**EXERCISE DETAILS**
Your task is to copy the records that follow exactly, minus any images.

[Image-text web data]
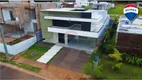 Foto 5 de Casa com 3 Quartos à venda, 240m² em Aeroclub, Porto Velho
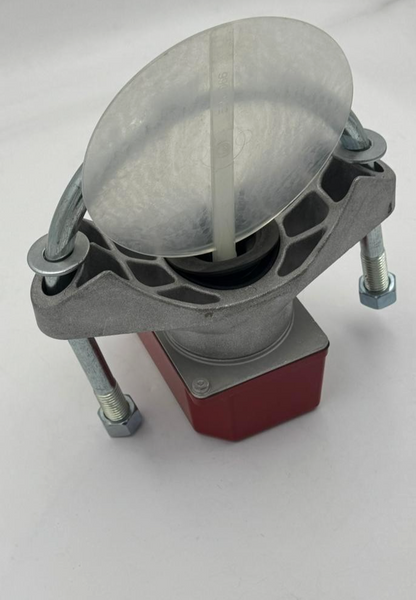 Potter  | VSR  | Waterflow alarm switch6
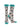 WHD socks Oatmeal / Medium Puffin Socks Perfect Bird Lovers Gift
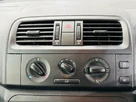 2011-skoda-roomster-12-s-1197cc-dsg-small-14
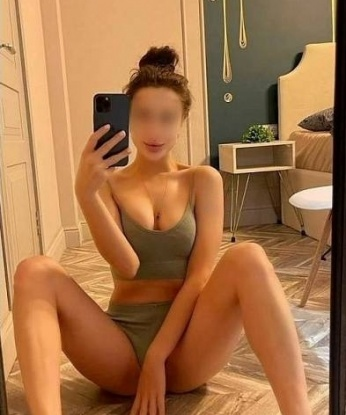 Екатерина, 29 лет, 2 размер груди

**EXERCISE OUTPUT**
 Foto 5 de Casa com 3 Quartos à venda, 240m² em Aeroclub, Porto Velho
 Potter  | VSR  | Waterflow alarm switch6
 WHD socks Oatmeal / Medium Puffin Socks Perfect Bird Lovers Gift
 2011-skoda-roomster-12-s-1197cc-dsg-small-14
 Екатерина, 29 лет, 2 размер груди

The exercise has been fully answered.